The technical root cause stems from inconsistent bit width calculations within the filter validation logic. While one validation correctly uses sizeof(wfilter->type_filter) 8 to determine the number of available bits, a second check incorrectly employs sizeof(wfilter->type_filter) BITS_PER_LONG, which results in an inflated bit count. This miscalculation allows filter type values that exceed the actual allocated space, leading to memory corruption when the system attempts to set bits in the type_filter bitmap or populate the filters array beyond its allocated boundaries. The vulnerability specifically impacts the __set_bit() operation and array writes in wfilter->filters[], both of which can overwrite adjacent memory regions.
The operational impact of this vulnerability extends beyond simple memory corruption, as it can be exploited to trigger kernel oops conditions and potentially enable more serious security breaches. The KASAN (Kernel Address Sanitizer) report indicates that the bug manifests as a slab-out-of-bounds write operation, where the kernel attempts to write 4 bytes at an address that exceeds the allocated memory region. This type of memory corruption can lead to system crashes, data corruption, or in more sophisticated exploitation scenarios, allow attackers to gain elevated privileges or execute arbitrary code within the kernel context.

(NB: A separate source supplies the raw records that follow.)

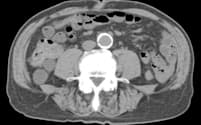 腎機能の低下によって腹部大動脈が硬化してしまった患者の腹部の画像。中心の丸い部分が血管で周りが石灰化している=椿原美治阪大教授提供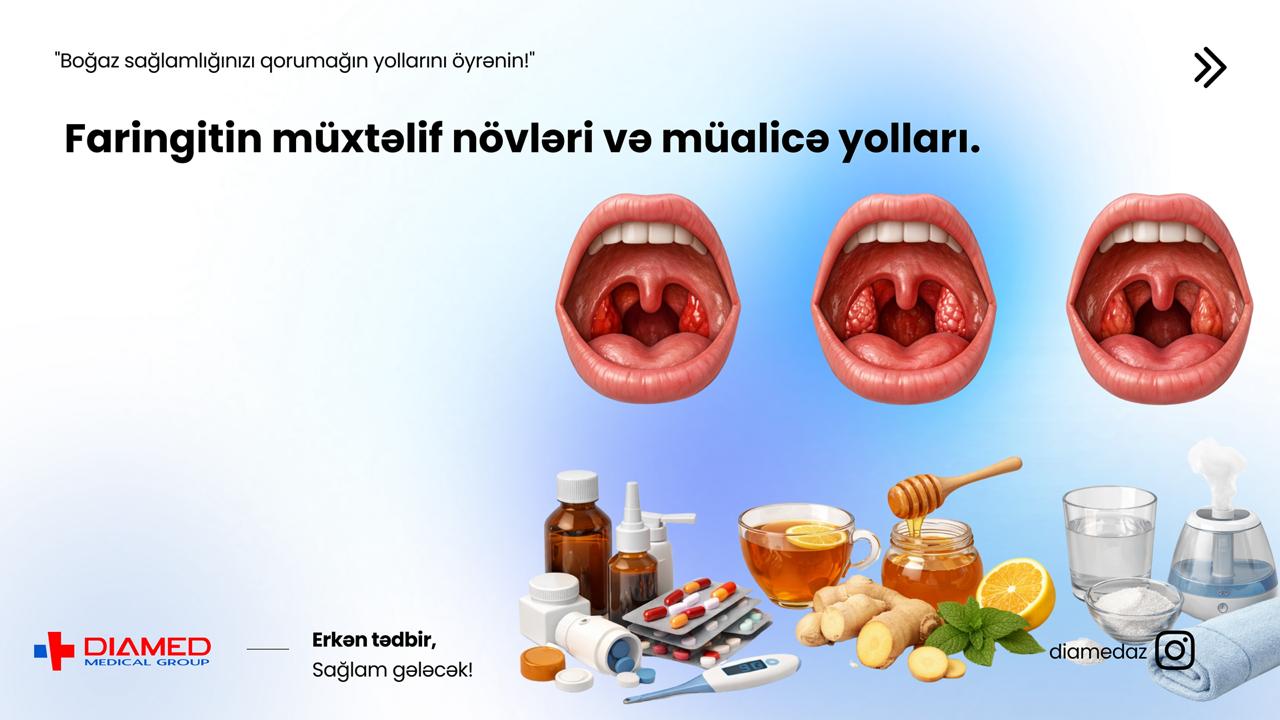 Faringitin növləri – Boğaz iltihabını düzgün tanıyın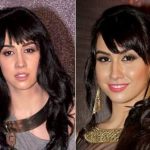 Lauren Gottlieb Plastic Surgery Before and After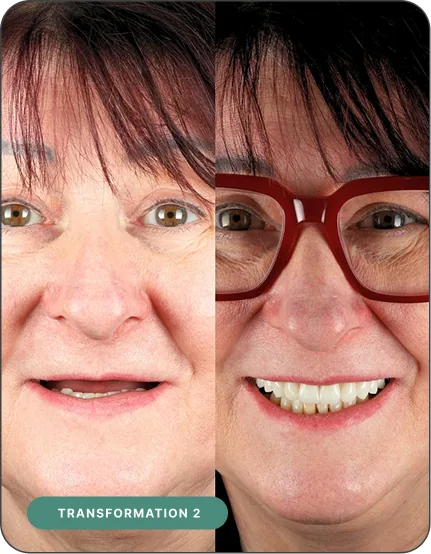 Before and after dental implant treatment — Implant 360 patient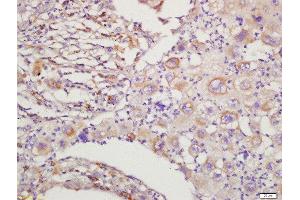 Formalin-fixed and paraffin embedded human lung cancer labeled with Rabbit Anti-RAC1+RAC2 Polyclonal Antibody, Unconjugated  at 1:200 followed by conjugation to the secondary antibody and DAB staining (RAC1 Antikörper  (AA 101-192))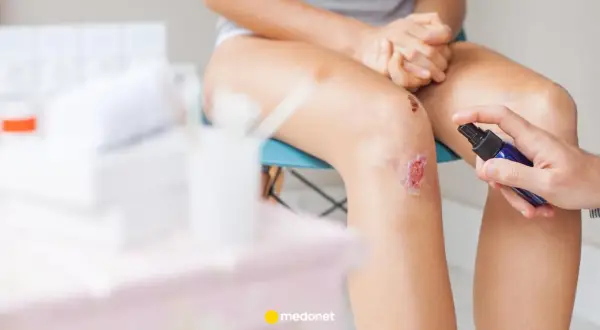 Lekarz aplikuje spray na otarcie na kolanie. Preparat, być może Solcoseryl, ma wspomóc gojenie.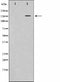 Western blot analysis on K562 cell lysate using Phospho-VEGFR2(Tyr1214) Antibody.The lane on the left is treated with the antigen-specific peptide.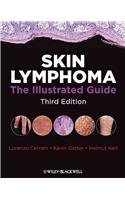 Skin Lymphoma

The vulnerability is particularly concerning as it operates through standard ioctl system calls, making it accessible to unprivileged users who can craft malicious inputs to trigger the flawed code path.
Mitigation strategies for this vulnerability involve applying the official kernel patch that corrects the bit width calculation by utilizing WATCH_TYPE__NR instead of the incorrect BITS_PER_LONG multiplier. This ensures that filter type values are properly validated against the actual number of supported types rather than an inflated theoretical maximum. System administrators should prioritize updating to kernel versions containing this fix, particularly in environments where untrusted users might have access to ioctl operations. Additionally, monitoring for unusual kernel oops messages or memory allocation patterns can help detect exploitation attempts. The vulnerability aligns with CWE-129, which addresses insufficient validation of length of input buffers, and can be mapped to ATT&CK technique T1068, which covers privilege escalation through local exploits. Organizations should also consider implementing kernel hardening measures such as KASAN and other memory safety mechanisms to detect and prevent similar out-of-bounds access patterns in other kernel subsystems.